View syslog: root@1c81bb2d3435:/# cat /var/log/syslog | grep "inserting" Feb 17 07:13:18 1c81bb2d3435 transit[149]: [trn_itf_table_insert:72] inserting [eth0] for first time. allocate memory for interface key, since RPC XDR will eventually free its value. Feb 17 07:13:29 1c81bb2d3435 transit[149]: [trn_vif_table_insert:87] inserting [gnv_peer1] for first time. allocate memory for interface key, since RPC XDR will eventually free its value. Feb 17 07:13:31 1c81bb2d3435 transit[149]: [trn_vif_table_insert:87] inserting [gnv_peer3] for first time. allocate memory for interface key, since RPC XDR will eventually free its value. Feb 17 07:13:34 1c81bb2d3435 transit[149]: [trn_vif_table_insert:87] inserting [gnv_peer0] for first time. allocate memory for interface key, since RPC XDR will eventually free its value. root@1c81bb2d3435:/# cat /var/log/syslog | grep "overwriting" Feb 17 07:14:05 1c81bb2d3435 transit[149]: overwriting metadata, ep->data is null

Therefore, calling the macro INTF_DELETE cannot delete gnv_peer1 exactly. View hsearch help, which has the following description:

Bugs SVr4 and POSIX.1-2001 specify that action is significant only for unsuccessful searches, so that an ENTER should not do anything for a successful search. In libc and glibc (before version 2.3), the implementation violates the specification, updating the data for the given key in this case.

Individual hash table entries can be added, but not deleted.

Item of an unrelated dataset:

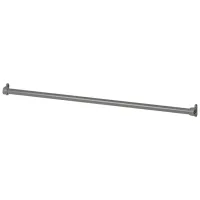 Шкаф Ikea Pax/Hasvik 200 x 66см x 201.2 / ДСП / Темно серый photo 2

3.Cause the ENTRY of hash table cannot be deleted, If set the key to NULL when deleting, I think there will be uncertain behavior(need to read the source code of hsearch()).we may only need to set the value to NULL when deleting.The bug is not recurring after deleting "free(ep->key);" from INTF_DELETE.

define INTF_DELETE () \

do {\ TRN_LOG_DEBUG ("Delete: [% s]", itf); \ ENTRY e, * ep; \ e.key = itf; \ ep = hsearch (e, FIND); \ if (ep) {\ TRN_FREE (ep-> data); \ TRN_LOG_DEBUG ("Deleted: [% s]", itf); \ } \ } while (0)      Finally, Cause the ENTRY of hash table cannot be deleted, there will be a memory leak. May we can consider using another hashtable.

zasherif commented 4 years ago

Thanks, @chenpiaoping. Yes, we shall consider a new hash table. Can you augment your analysis and see if the metadata, can be simply stored in an ebpf map (hash)? We don't need that table values solely in user-space. We currently move data selectively from it to ebpf maps. It might be better to directly have these interface metadata stored with the XDP program in a map and of course still accessible to userspace.